Identify Stakeholders
Identifying a project's stakeholders and their concerns, agendas, and needs is the first task architects should perform when starting on new projects.
Who are stakeholders? They are the people who have some vested interest in the project. Naturally there are many stakeholders with any projectcustomers, targeted end users, operations (IT), developers, maintainers, management, testers, and so on. Stakeholders also include the architects themselves.
It is important to catalog project stakeholders, as the architect's role is to strike a balance between the (sometimes conflicting) concerns and agendas of stakeholders versus the project's functional/nonfunctional requirements. Stakeholder needs/concerns can impact the architecture. The most obvious example is a time constraint; for instance, "finish the project in two months or don't do it at all." Such constraints are bound to have an affect on the possible complexity of the architecture.

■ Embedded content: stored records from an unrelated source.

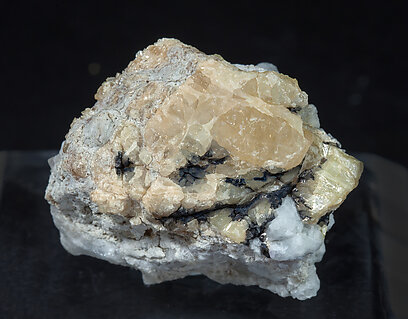 Wulfenite (variety chillagite) with Baryte and Fluorite. 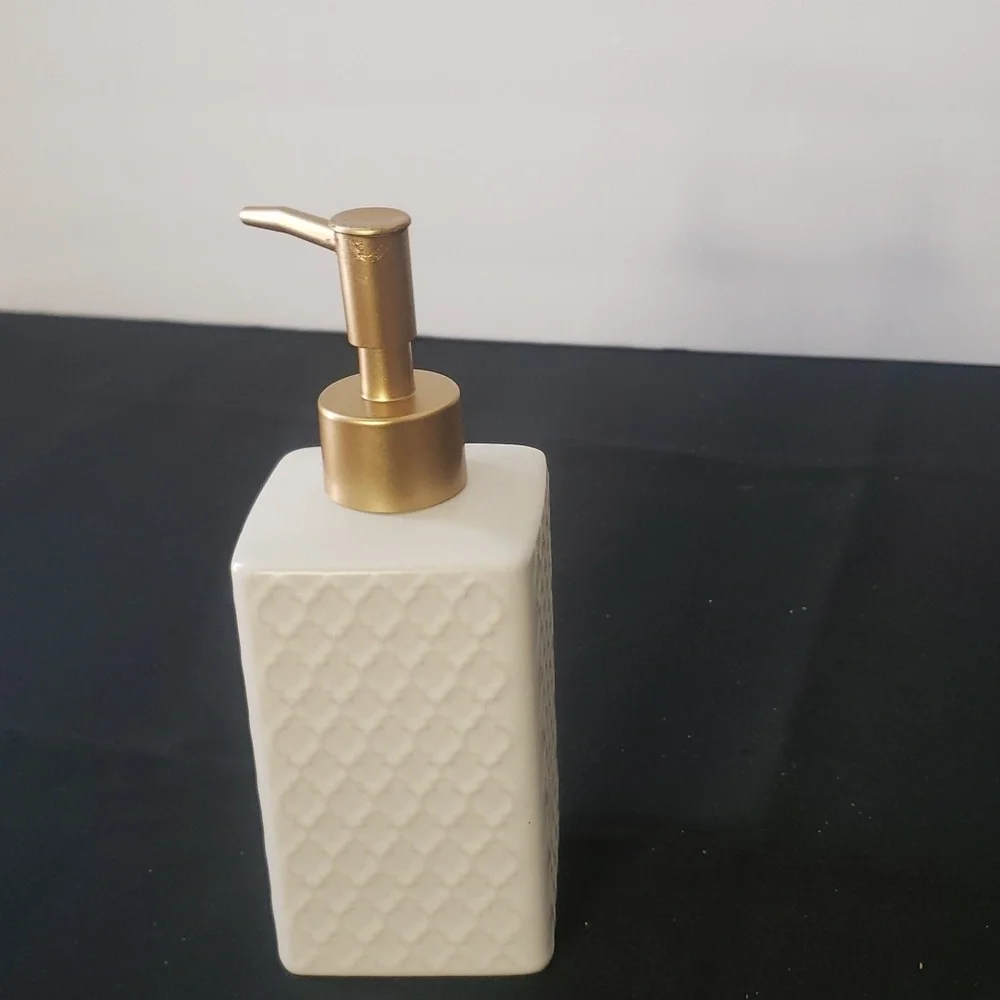 🤯3/$12 Hand Soap Dispencer Bathroom White & Gold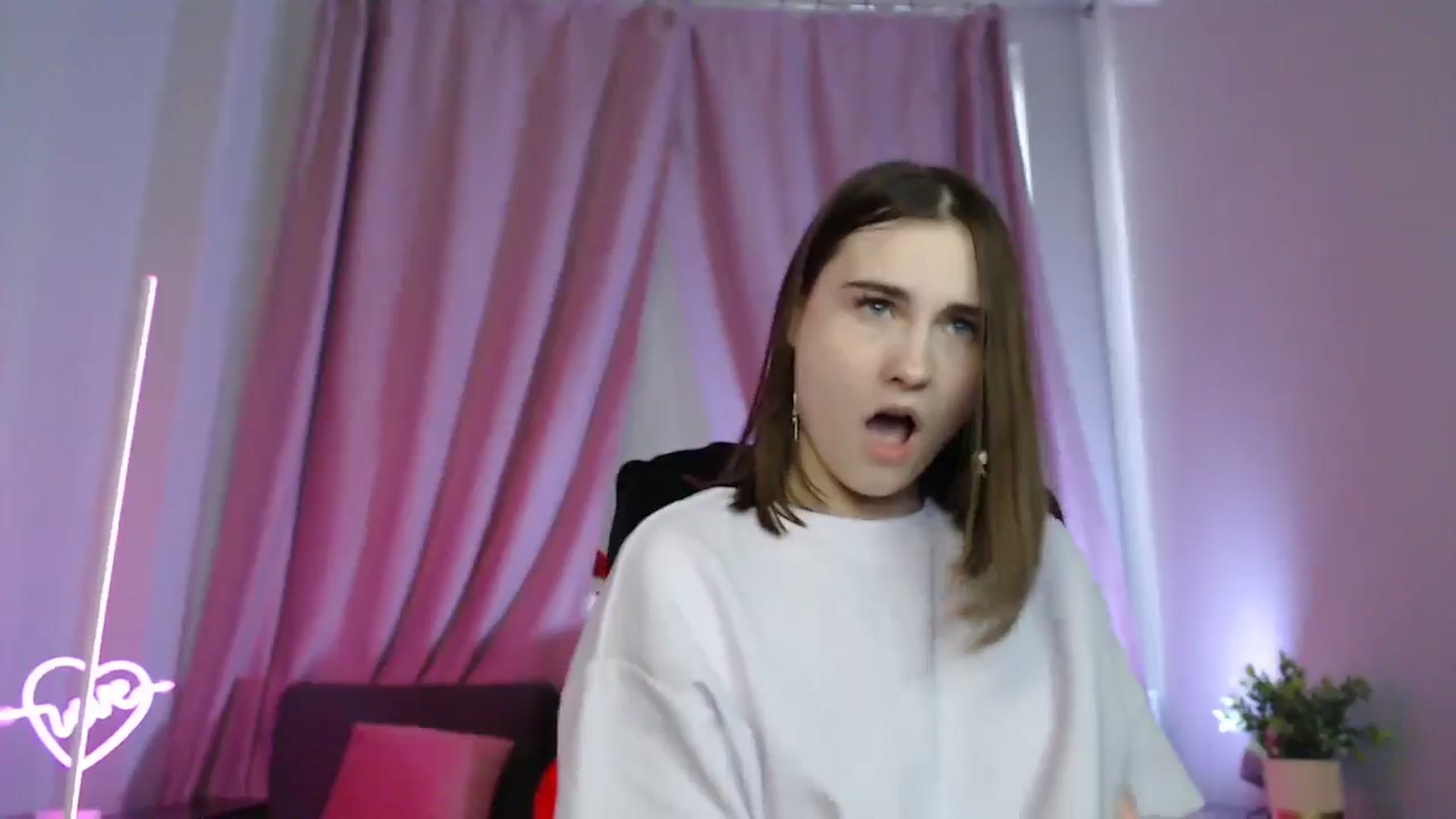 Gallery image thumbnail from LaneyGrey's myfreecams stream on, 07/15/2025, 13:57 image 8 of 20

The place to start is to build a mental model of the stakeholders in the project. Keep in mind that the reality is that not all stakeholders necessarily want the project to succeed. You can map the stakeholders by their interest in the project, their power, and the importance of their concerns. As a rule, you should closely manage the stakeholders who have lots of interest in the project and who can influence its success. Keep stakeholders who have low interest but high influence satisfied; keep the stakeholders who are interested but have low influence informed, and monitor the rest (see "Another View at Enterprise Architecture Viewpoints," by J. Schekkerman; www.enterprise-architecture.info/Images/ExtendedEnterprise/E2A-Viewpoints_IFEAD.PDF).